University of Pennsylvania CIS5650 – GPU Programming and Architecture
- Jacky Park
- Tested on: Windows 11, i9-13900H @ 2.60 32 GB, RTX 4070 (Laptop GPU) 8 GB (Personal Machine: ROG Zephyrus M16 GU604VI_GU604VI)
This project implements a Boids simulation, inspired by Conrad Parker’s pseudocode with several custom adaptations.
Boids is a crowd simulation algorithm originally developed by Craig Reynolds in 1986, designed to mimic the natural flocking behaviors observed in birds, fish, and other swarming creatures. At its core, the algorithm is governed by three simple rules:
-
Cohesion: Each boid moves toward the perceived center of mass of its neighbors.
-
Alignment: Each boid steers in the direction of the average heading of nearby boids.
-
Separation: Each boid maintains a comfortable distance from others to avoid crowding.
Together, these local interaction rules produce emergent, lifelike group movement without the need for centralized control.
The boids are then rendered using OpenGL.
Simulation with 500,000 boids.
Function: kernUpdateVelocityBruteForce
The simplest way to update boids is to just have each one check against every other boid.
- That means for each boid, we loop over the whole list, apply the three rules, and update its velocity.
- On CUDA, this translates to one thread per boid, with a second kernel to apply the position updates.
- It works, but it’s O(N²), really slow once the number of boids grows.
Function: kernUpdateVelNeighborSearchScattered
We can do much better by using a grid. Since boids only care about neighbors within a certain radius, we don’t need to compare them against the entire flock.
- We split space into a uniform grid, where each cell size is set to twice the search radius.
- This guarantees a boid only needs to look at its own cell plus the 8 neighbors around it.
- Implementation details:
- A kernel computes which grid cell each boid belongs to.
- We use
thrust::sort_by_keyto sort boids by their grid index. - Start/end indices for each cell are stored so we can quickly find boids in that cell.
- Each boid checks way fewer neighbors, and performance improves significantly.
Function: kernUpdateVelNeighborSearchCoherent
We can push the grid idea even further by making memory accesses more efficient.
- In the scattered grid, threads bounce around in memory to find neighbor data. That’s slow on the GPU.
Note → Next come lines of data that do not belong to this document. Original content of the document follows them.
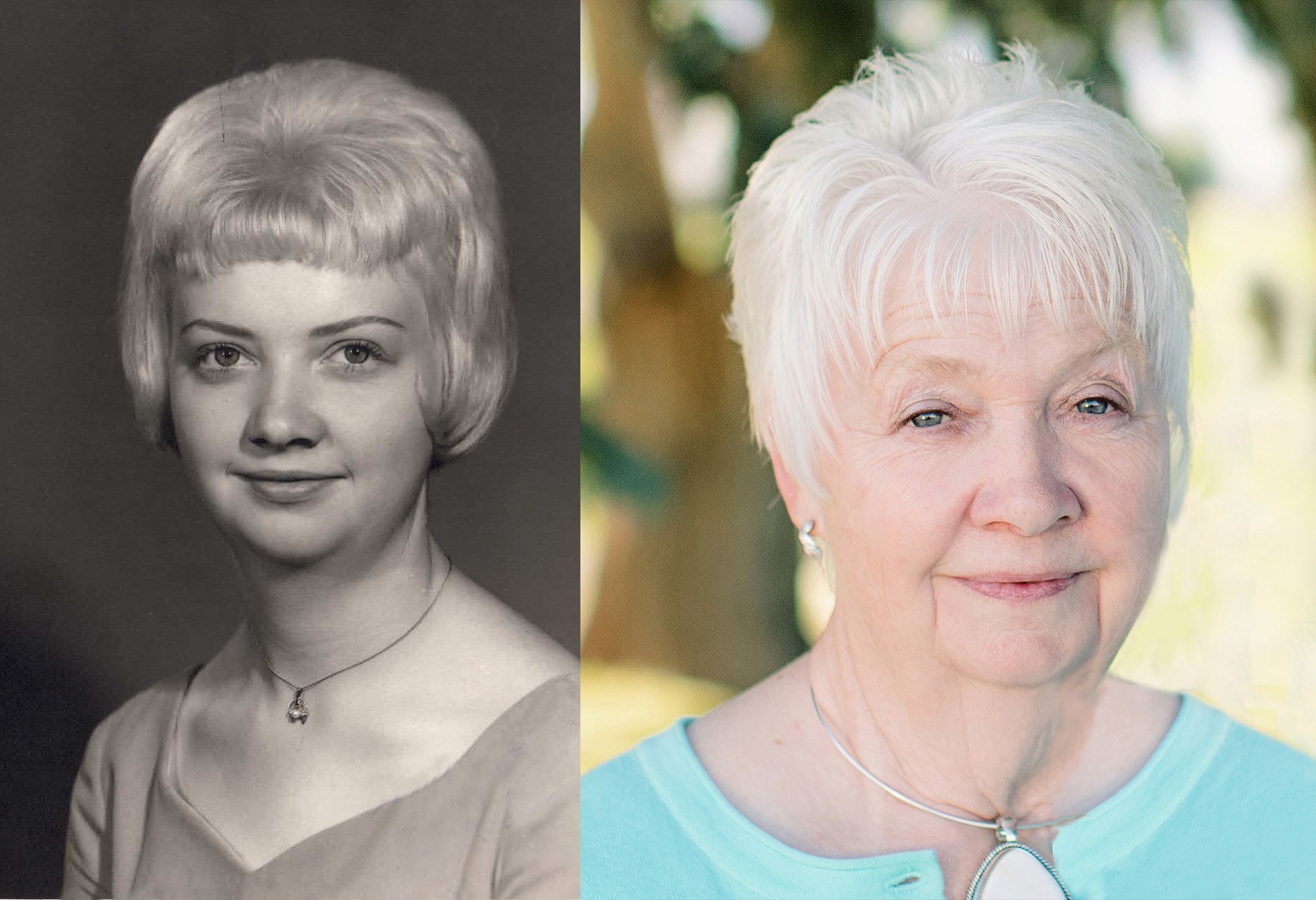 Betty Ann Higley obituary photo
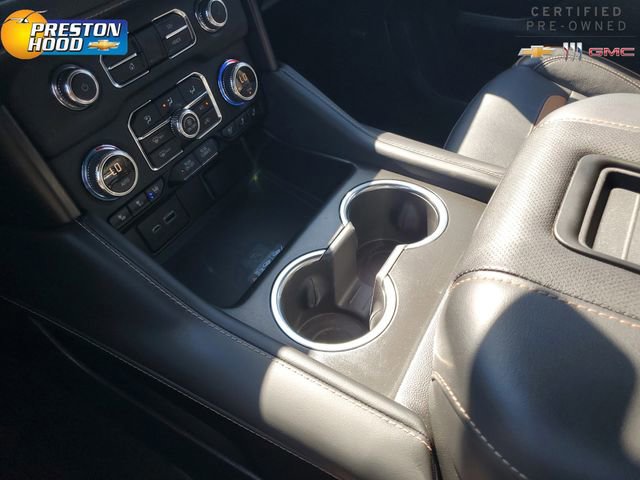 Certified 2023 GMC Yukon XL AT4 w/ LPO, Floor Liner Package AWD/4WD image 36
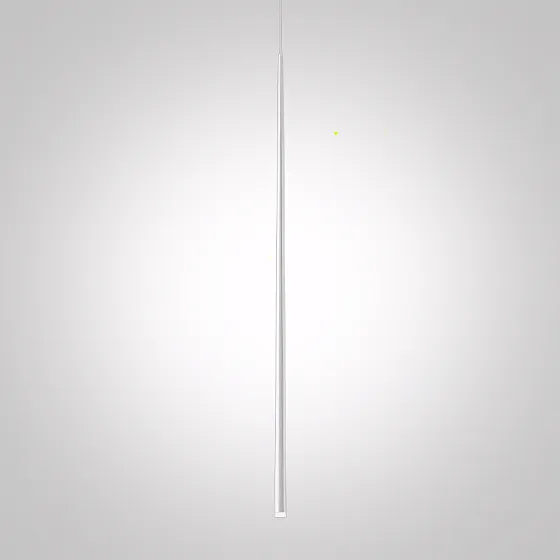 Светильник Slim 1 White в стиле Vibia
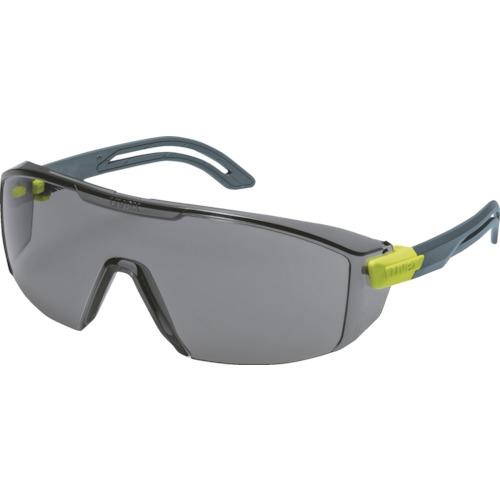UVEX UVEX 一眼型保護メガネ アイレンジシリーズ アイライト グレーレンズ 9143281 ...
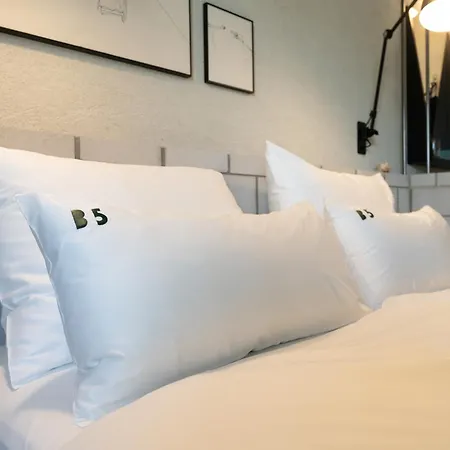 Hotel B5 Boutique (adults Only) Lugano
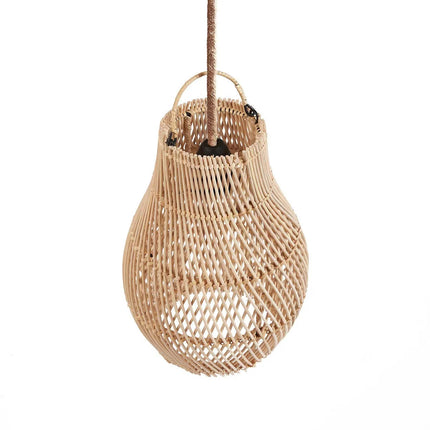 De Piccolo Hanglamp - Naturel - S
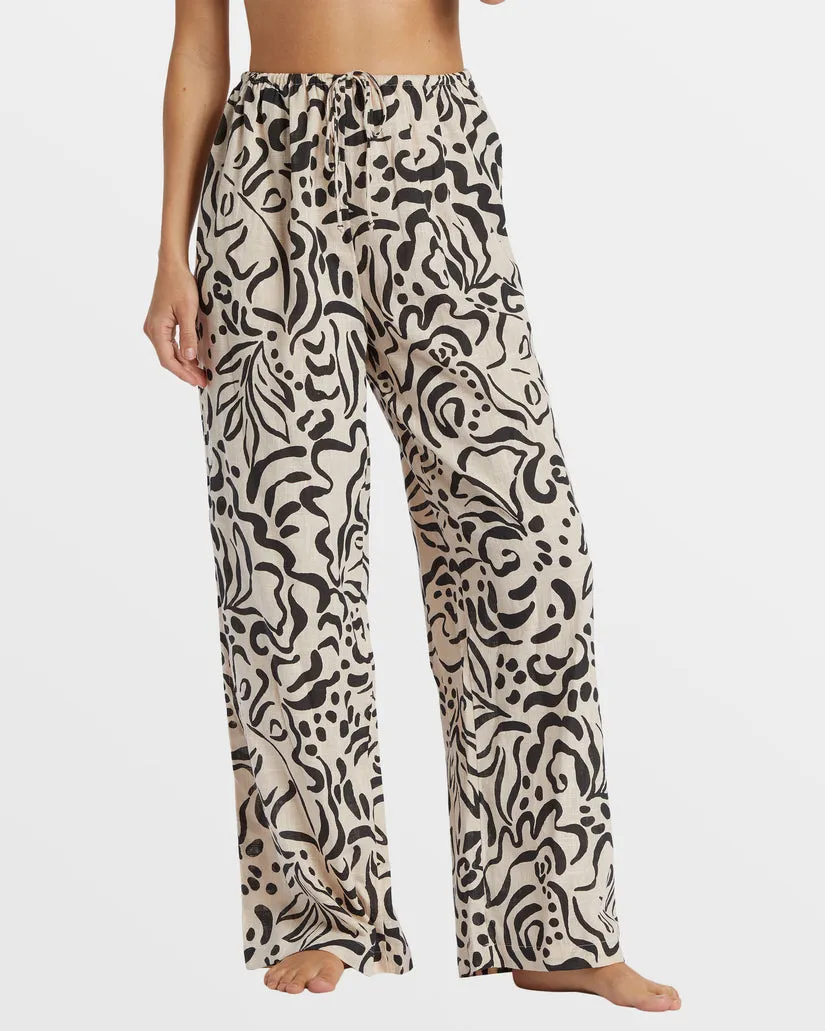 BILLABONG Sunny Daze Printed Pant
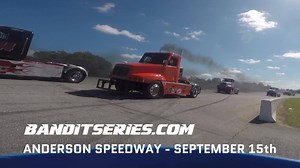 286 reactions · 153 shares | Don't miss the biggest thing in racing when The Bandits roll in to Anderson Motor Speedway! | The Bandit Series | Facebook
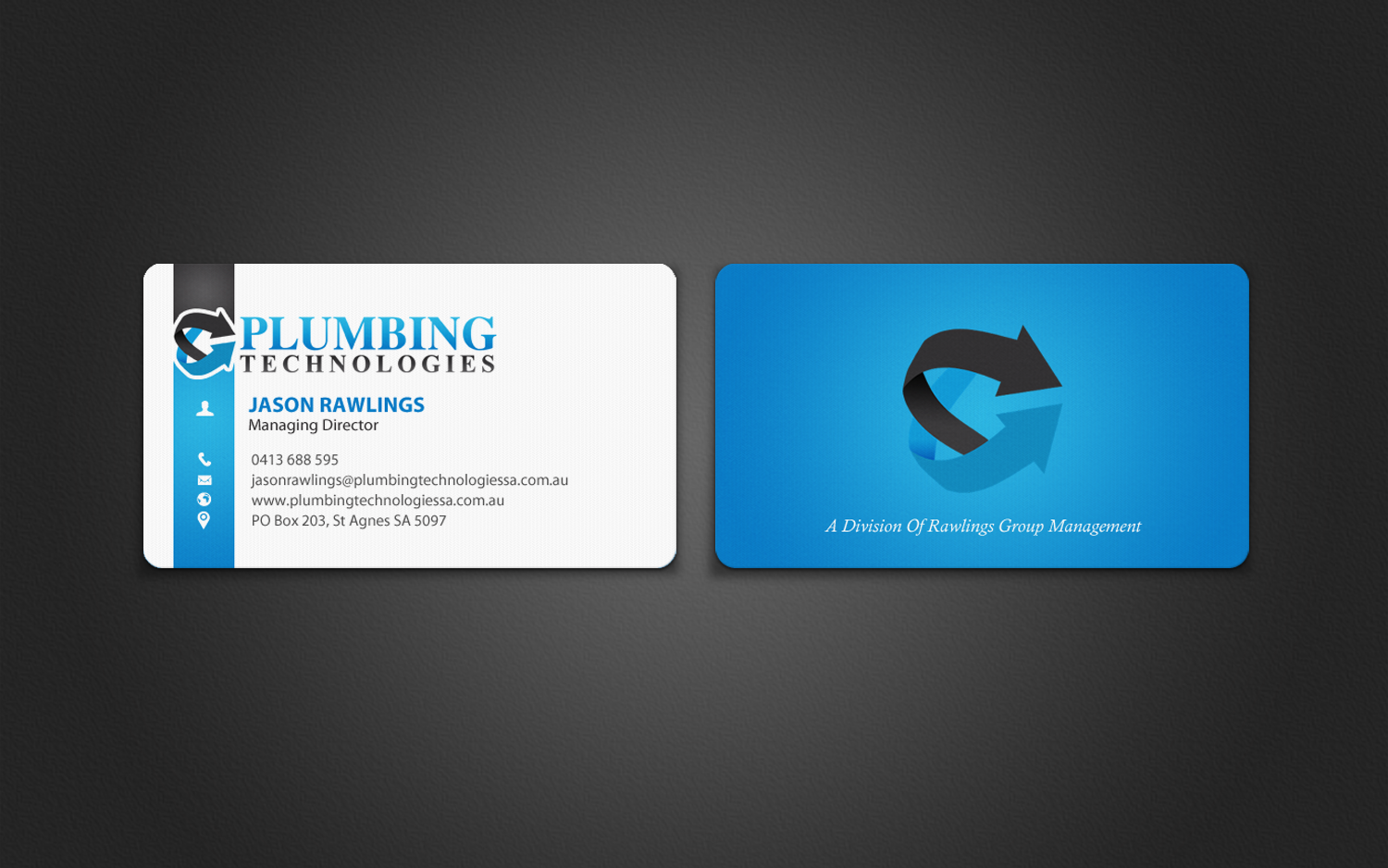 Visitenkarten-Design von chandrayaan.creative für dieses Projekt | Design #13561413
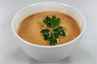 Kold tomatsuppe, spansk Gazpacho  inspireret ... klik på billedet for at komme tilbage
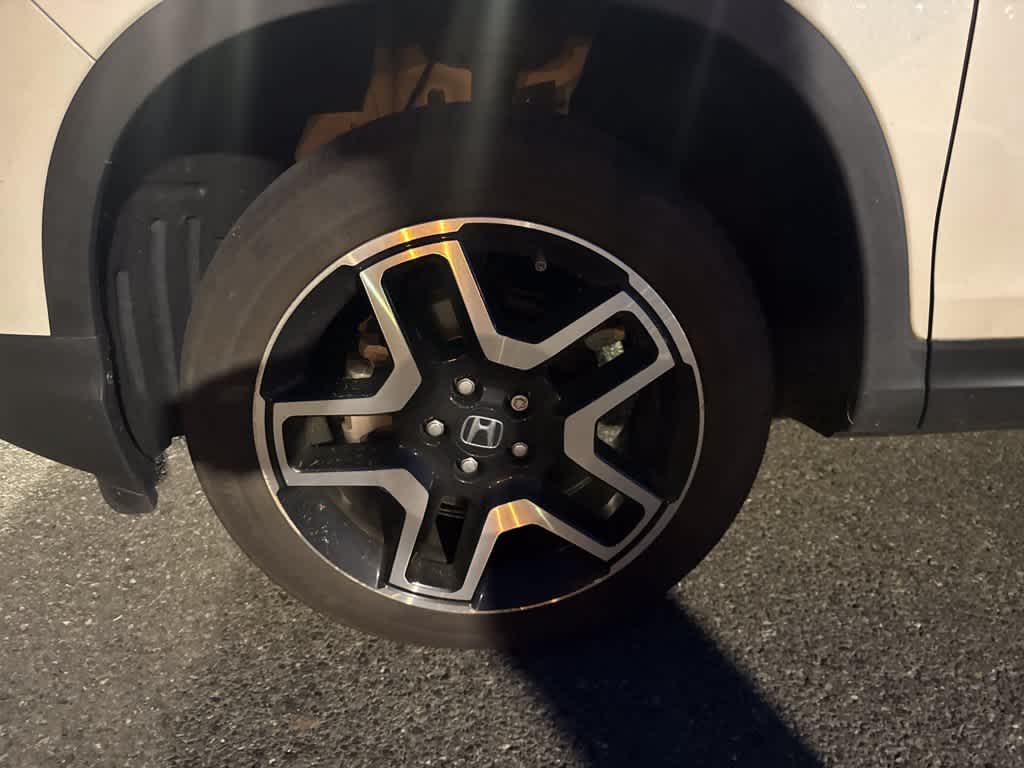 2023 Honda Passport Elite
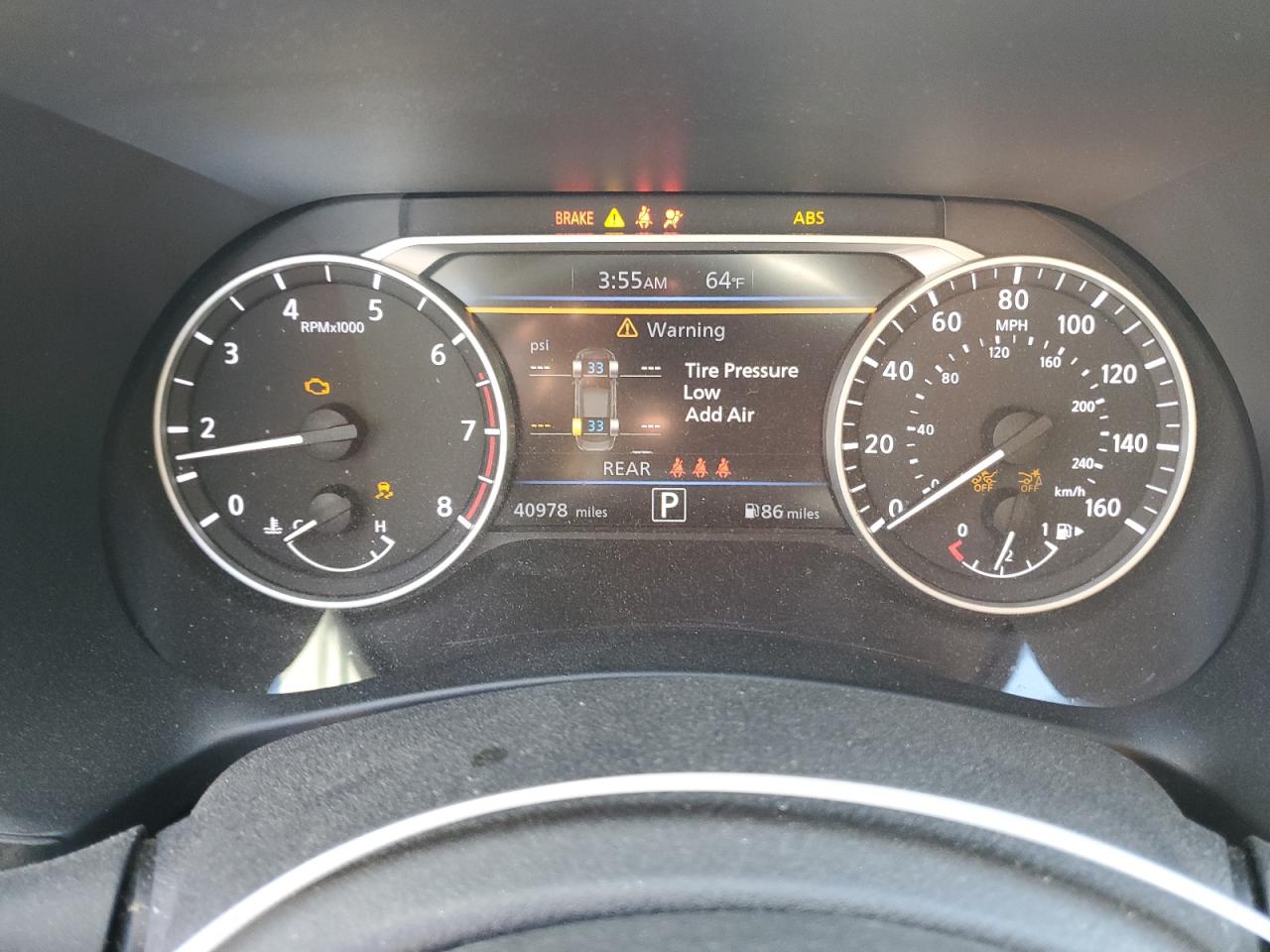2023 NISSAN SENTRA SV VIN:3N1AB8CVXPY313693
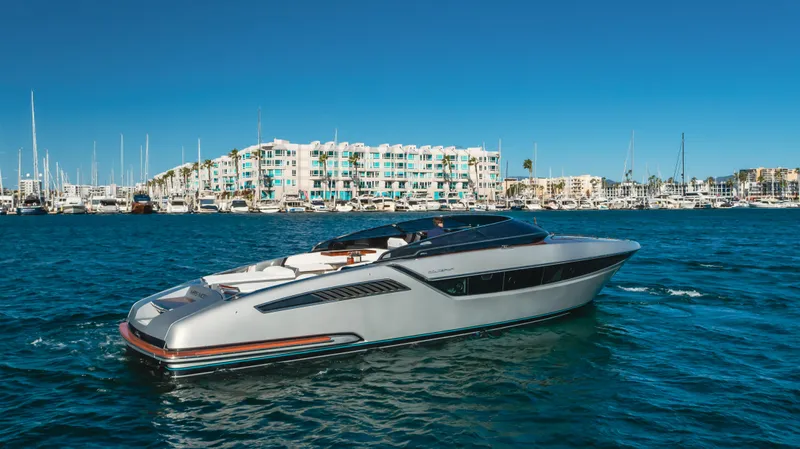 Mrs. Nicely Yacht Photos Pics RIVA 48 DOLCERIVA 2020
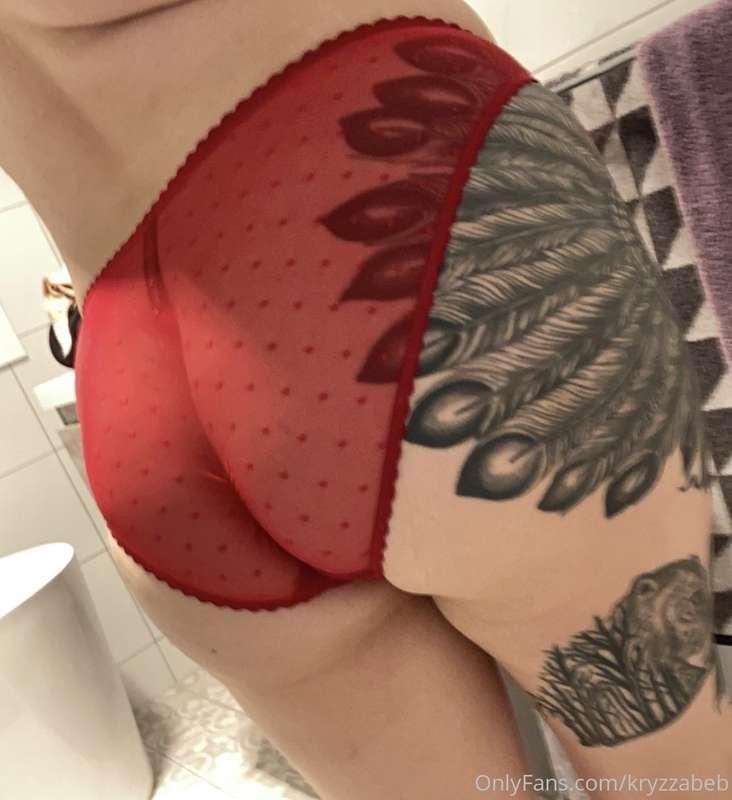 If you’re a fan of anal play and want to see a picture of me..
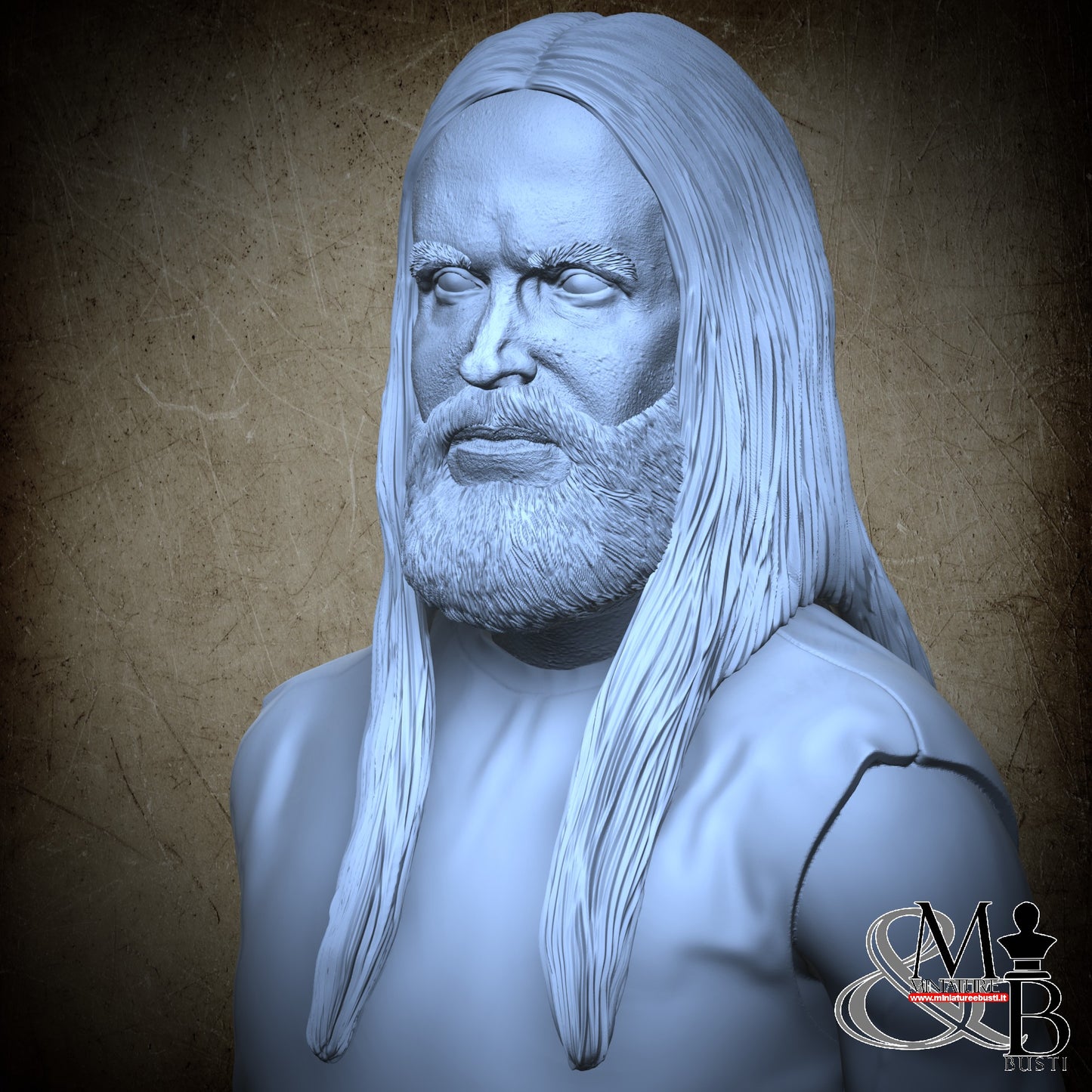 Otis (Fanart, Garage Kit)
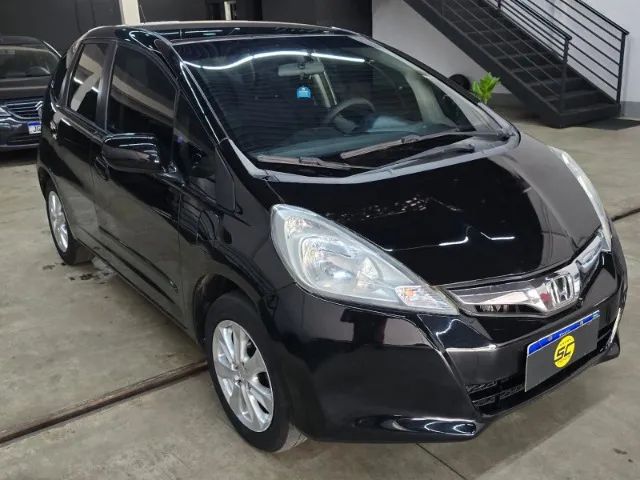 Honda Fit 2013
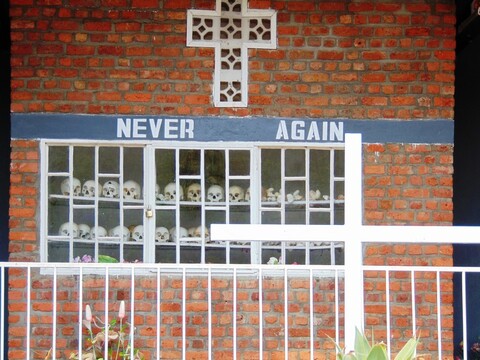 Rwanda – 20 lat po ludobójstwie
- Instead, we reorder the actual boid data so positions and velocities are stored contiguously by grid cell.
- This makes memory access coherent, so the GPU can cache data more effectively.
- Even though it’s just a small change, the performance boost is significant.
To test scalability, all three approaches were benchmarked with flock sizes ranging from 1,000 up to 500,000 boids.
- The naive approach quickly hit a wall beyond 500,000 boids, it struggled to produce results.
| Boid Count | Naive | Scattered | Coherent |
|---|---|---|---|
| 1,000 | 0.105 | 0.141 | 0.241 |
| 5,000 | 0.550 | 0.233 | 0.279 |
| 50,000 | 14.604 | 0.963 | 0.941 |
| 100,000 | 58.832 | 2.260 | 1.529 |
| 250,000 | 366.550 | 7.963 | 2.431 |
| 500,000 | 1469.482 | 28.458 | 4.900 |
As expected, strategies that use a uniform grid to limit neighbor checks scale dramatically better than the naive method.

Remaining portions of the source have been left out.